Chacun alors continuera à adhérer à une chapelle, et luttera contre d’autres chapelles. Au lieu d’être le lieu de la recherche socratique de la Vérité, l’espace public continuera à n’être que le théâtre de rapports de force ^revêtus d’arguments, où chaque groupe, compacté de certitudes, brandissant ses arguments, ira s’affronter à d’autres groupes aussi forts. Libéraux vs antilibéraux, sceptiques vs religieux, musulmans vs chrétiens, républicains vs communautaristes, conspis vs anticonspis, écologistes vs anti-écologistes et ainsi de suite...

Peut-être que quelques groupes, plus forts que d’autres, accéderont mieux aux médias et pourront imposer leur point de vue. Et alors ? Le point de vue dominant est-il le vrai ?

On a vu durant des décennies l’écologie comme un courant d’illuminés, elle a été raillée et considérée comme antiscientifique. Aujourd’hui, on voit que ce courant marginal avait de très bons arguments sur bien des points, et que ses mises en garde auraient dû être prises en compte. N’en est-il pas ainsi de nombreux courants d’idées marginaux ou minoritaires, qui ont eux aussi des solutions intéressantes à proposer, ou des critiques pertinentes envers telle ou telle certitude établie ?

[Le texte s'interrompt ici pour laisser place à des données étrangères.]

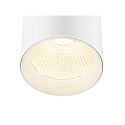 3-phase spot TRACKSPOT C swivelling, suitable for VDU workstation IP20, white 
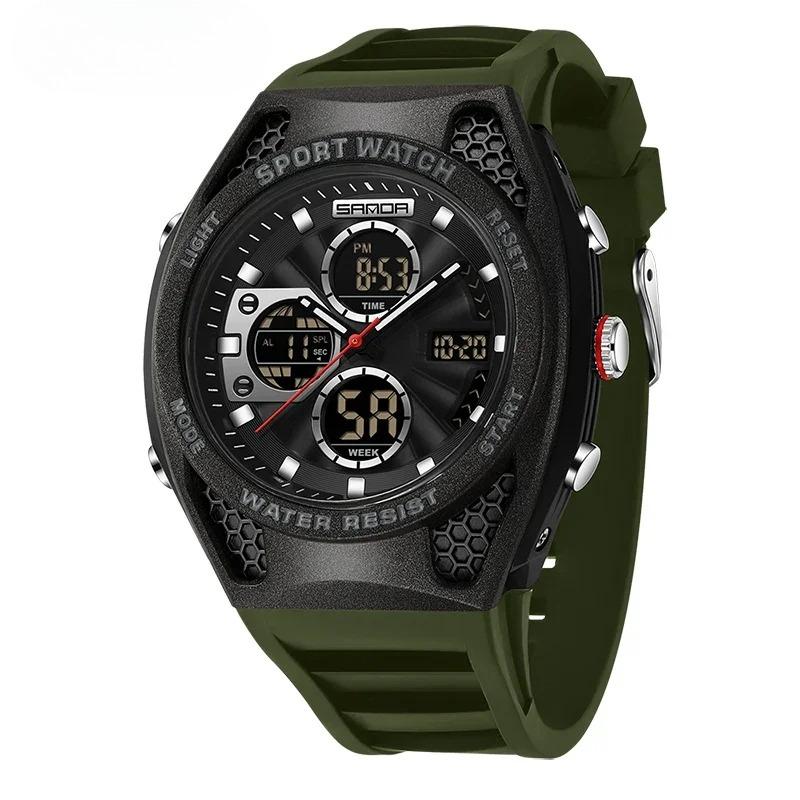 Top Multifunction Sports Electronic Watches for Man Chronograph Luminous Waterproof Alarm Clock Men's Digital Wrsitwatch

Il me semble que de plus en plus d’individus ont envie de "sortir du jeu". Ils ne souhaitent plus adhérer à une certitude close, pour tenter d’imposer ux autres une "vérité". Ils ont vu que les différents systèmes, si bien argumentés fussent-ils, passent leur vie à se combattre les uns les autres.

Mais l’autre danger, c’est le relativisme. Cette molle indifférence qui fait que l’on se laisse porter par les courants dominants, comme une méduse intellectuelle.

Utopie

Je propose donc une autre voie :

 réunir des individus libres, non appartenant, en recherche de vérité(s)
 tenter de mettre en place ensemble des outils de débats, une méthode généralisable et standard
 promouvoir cette méthode sur la plupart des grandes questions, qu’elles soient techniques, politiques, économiques, écologiques ou spirituelles.

Cette méthode devrait permettre de "faire le tour" des options proposées, des arguments pour et contre chaque options ; d’approfondir ces arguments pour les valider et les invalider ; tout ceci permettant in fine à chaque individu et citoyen de se déterminer, cette fois en connaissance de cause, sur les problèmes qui l’intéressent.

L’objet de cet article est ambitieux, voire utopique. Il ne s’agit pas moins que d’impulser une véritable révolution intellectuelle, de faire un saut majeur, de passer un cap... Au lieu d’en rester à une étape tâtonnante, complexe et chaotique du savoir, où chacun se débat tout seul avec ses questions et s’oriente tant bien que mal, j’aimerais que nous puissions redécouvrir le sens d’un véritable débat philosophique, dépassant la confusion, les peurs, les clivages, et mettant chacun au travail pour bâtir cette fameuse Intelligence collective qui seule est à la mesure des défis de la complexité.